Watching “Freedom Riders” — filmmaker Stanley Nelson’s laudably reverent but slightly stiff recounting of the historic bus rides that shamed a nation into dismantling its segregation laws — one is struck by how close yet distant all of it now seems. When it comes to an anniversary retrospective, 50 is the golden number: long enough ago to feel like history, but close enough to still include the thoughts and hindsight of those who lived it. Close enough to still make you wince with a mix of anger, pain and remorse.
“Freedom Riders” (which premieres on PBS stations Monday night) begins as a thorough portrait of the first group of men and women — mostly young, both black and white — who signed up in May 1961 to board two Greyhound and Trailways buses on routes from Washington to New Orleans that would take them through the deepest South.
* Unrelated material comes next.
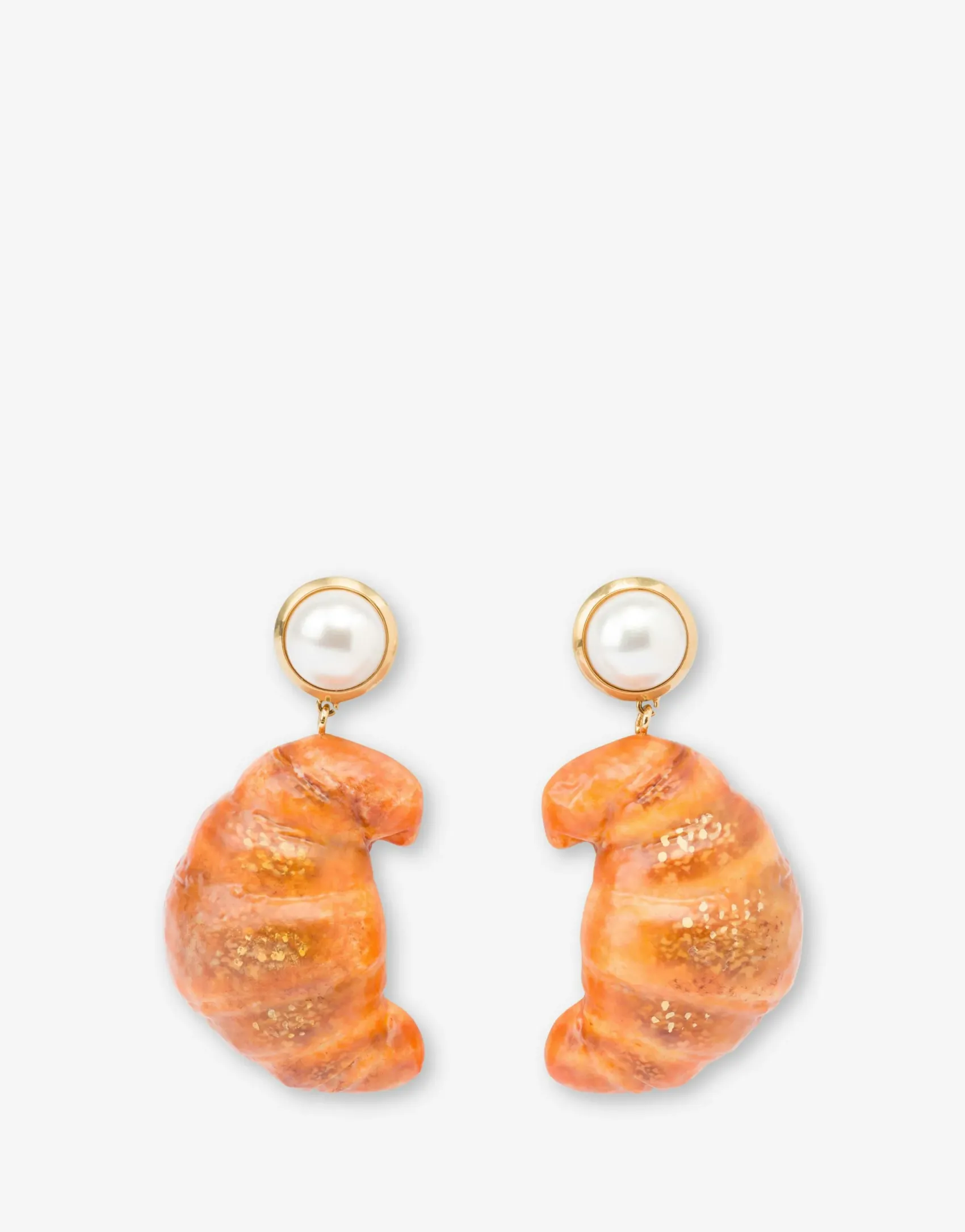 Moschino Jewelry^Croissant Drop Earrings BROWN ORANGE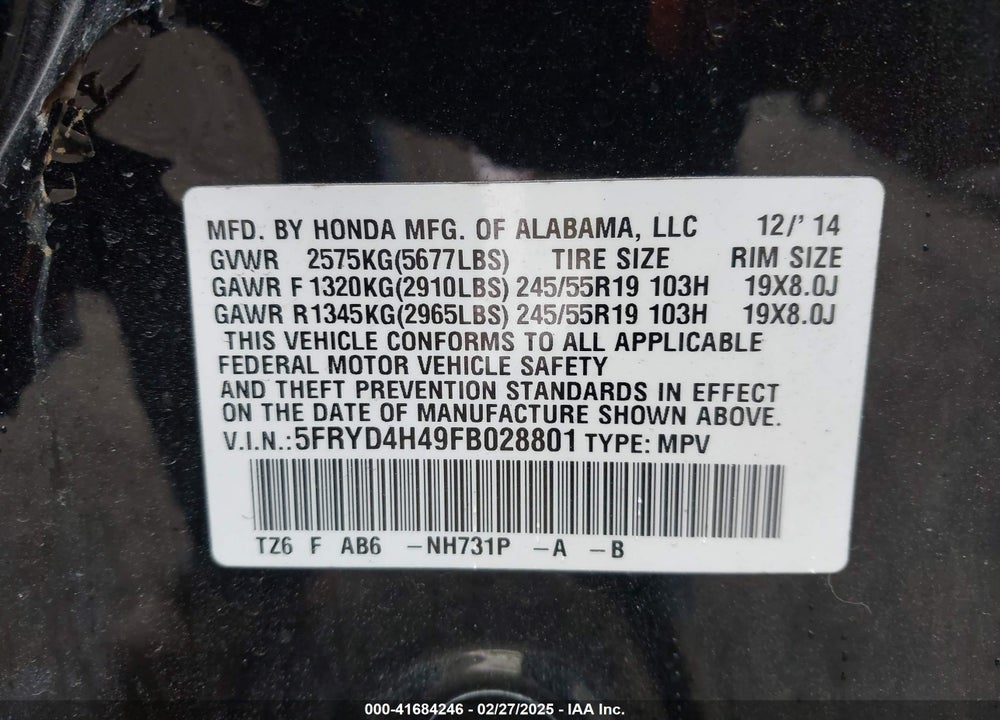 2015 ACURA MDX VIN: 5FRYD4H49FB028801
The point was to flout the pernicious Jim Crow laws that kept American travelers segregated by race in bus-station lounges, restrooms and lunch counters. The riders’ intent was to journey and dine together, symbolically, as friends.
They were recruited by the Congress of Racial Equality, and looking back, they recall their sense of purposeful if naive idealism during their orientation phase, in which they blithely ignored training scenarios for defusing violent outbursts. They mostly believed they were participating in a well-intentioned protest and, although no one would have termed it so back then, a media stunt.
That all changed a week later as an angry mob in Alabama ran one of the buses off the road and torched it, watching as the panicked passengers barely escaped. And so, throughout that violent spring and summer, hundreds of activists boarded bus lines headed for the South to keep the cause aloft. They were taunted, beaten and jailed, but they pressed on — many of them prepared to die for it.
“Freedom Riders,” which is based on historian Raymond Arsenault’s book of the same name, rejoices in what was surely one of America’s boldest expressions of peaceful (if one-sidedly so) resistance. The film explores the embarrassingly reluctant initial response of the Kennedy administration to the crisis; some of the better stuff here comes not from the riders but from John Seigenthaler, who was a young, Southern-born Justice Department aide sent, alone, to Alabama “deal with” the crisis and found himself caught in a maelstrom of hate. The events he witnessed — including the day he was beaten unconscious while trying to protect a female Freedom Rider — profoundly changed Seigenthaler, who had been raised in a well-off Nashville household staffed by black servants whom he’d regarded as all but invisible.
Nelson, whose previous films have explored the 1955 murder of Emmett Till and the 1973 standoff at Wounded Knee, lets the story of the Freedom Riders unfold at a deliberate pace and makes use of some previously unseen footage from the bus fire and interviews with a former Klan informant — both of which had been deeply shelved within FBI archives.
“Freedom Riders” is a moving and inspiring piece, and that’s exactly what it feels like — a piece of a larger anniversary tribute that has, among other things, led to a reunion of surviving Freedom Riders on a recent episode of “The Oprah Winfrey Show” and a modern-day bus ride to commemorate the original trip. This makes “Freedom Riders” seem like the kind of film one encounters in an air-conditioned museum auditorium.
Although it isn’t quite fair to wish that the documentary you’re watching (and reviewing) would surprisingly veer into uncharted territory and become another kind of film, I found myself hoping for something that never shows up in all two hours of “Freedom Riders”: interviews with the people who attacked the riders.
They are all over the news footage and archival photographs, angrily snarling their sentiments to reporters. Can they really be that hard to locate now? How do they feel when they see themselves in these pictures? (How do their children and grandchildren feel?) Is it the job of “Freedom Riders” to seek them out?
To some extent, yes — and that would be a different project. Nelson does interview former Alabama governor John Patterson, who was a fearful and ugly presence when he defended segregation on TV in 1961. Today, as an old man, he is honest about what happened, even circumspect, but not necessarily illuminating. (Not in the way viewers will hope for.)
Among the accomplishments of the Freedom Riders was their ability to transform an oppressed minority into a proud assembly of individuals entitled to equal rights. The reverse effect, it seems, was to turn crowds of hateful white people into a generic, anonymous mass.
Time, a sense of shame and a lingering racism have conspired to keep these folks safely out of reach from probing public-television filmmakers. Still, a fuller story about this historic chapter would bring more of the Freedom Riders’ antagonizers to the forefront — with persistent, journalistic curiosity — to hear what they have to say now.
(two hours) airs Monday at 9 p.m. on WETA and MPT.